* Work required
Everything from the line containing "Elegant Sweater Knitted" through the last line of the listing below should be returned exactly, except for pictures.

* Supplied information
----

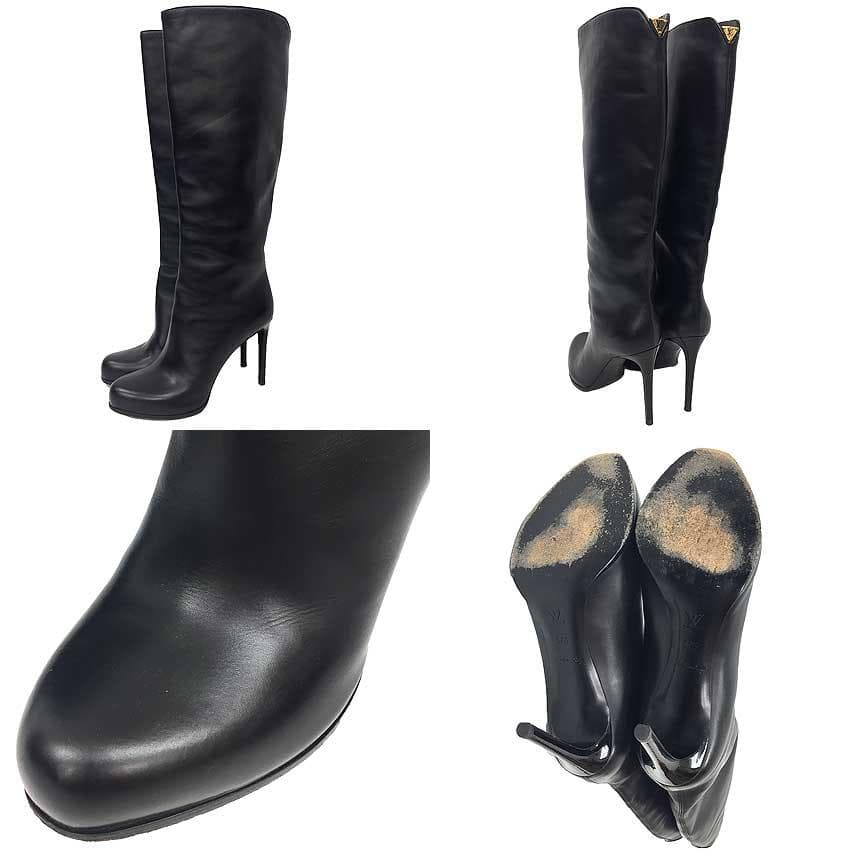 Louis Vuitton Leather Long Boots Black — view 2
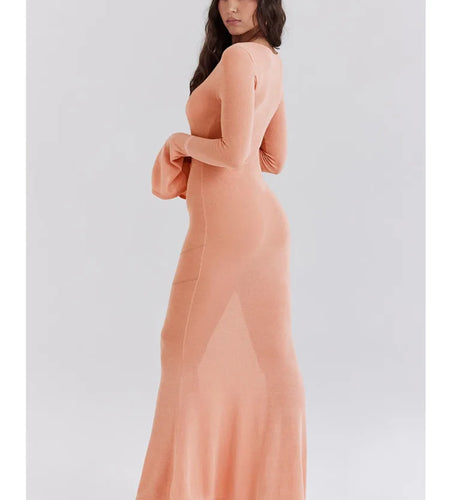 Elegant Sweater Knitted Long Sleeved Dress Women Hollow Sexy Tight Female Elastic Dress Slim Party HolidayEvening Dress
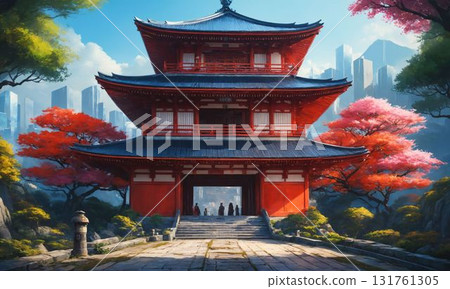 Bentendo Hall and autumn leaves at Kiyomizu-dera Temple 131761305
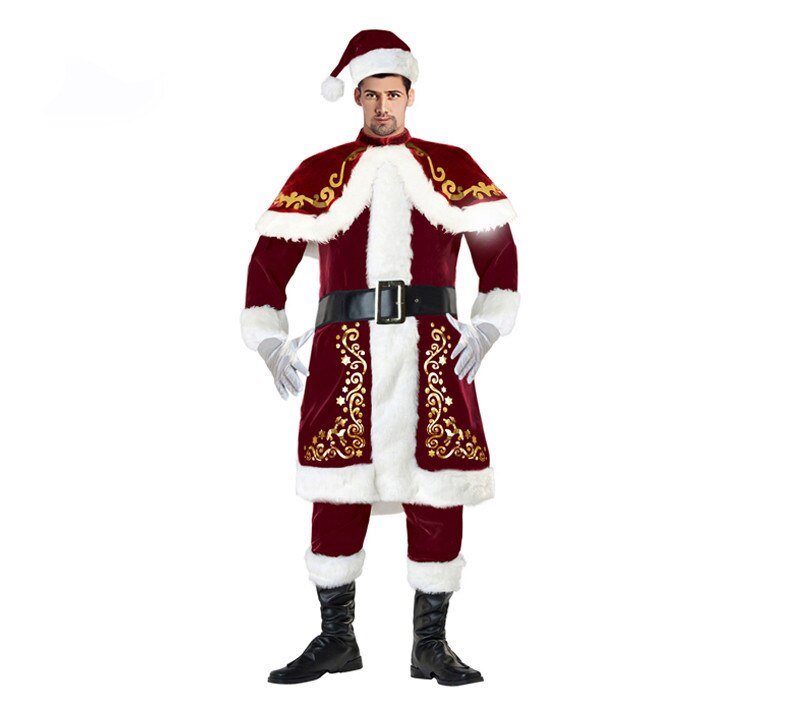 Costume de noël de luxe rouge pour adultes, tenue amusante pour fête de noël, M-XXXL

----

* Final answer
 Elegant Sweater Knitted Long Sleeved Dress Women Hollow Sexy Tight Female Elastic Dress Slim Party HolidayEvening Dress
 Bentendo Hall and autumn leaves at Kiyomizu-dera Temple 131761305
 Costume de noël de luxe rouge pour adultes, tenue amusante pour fête de noël, M-XXXL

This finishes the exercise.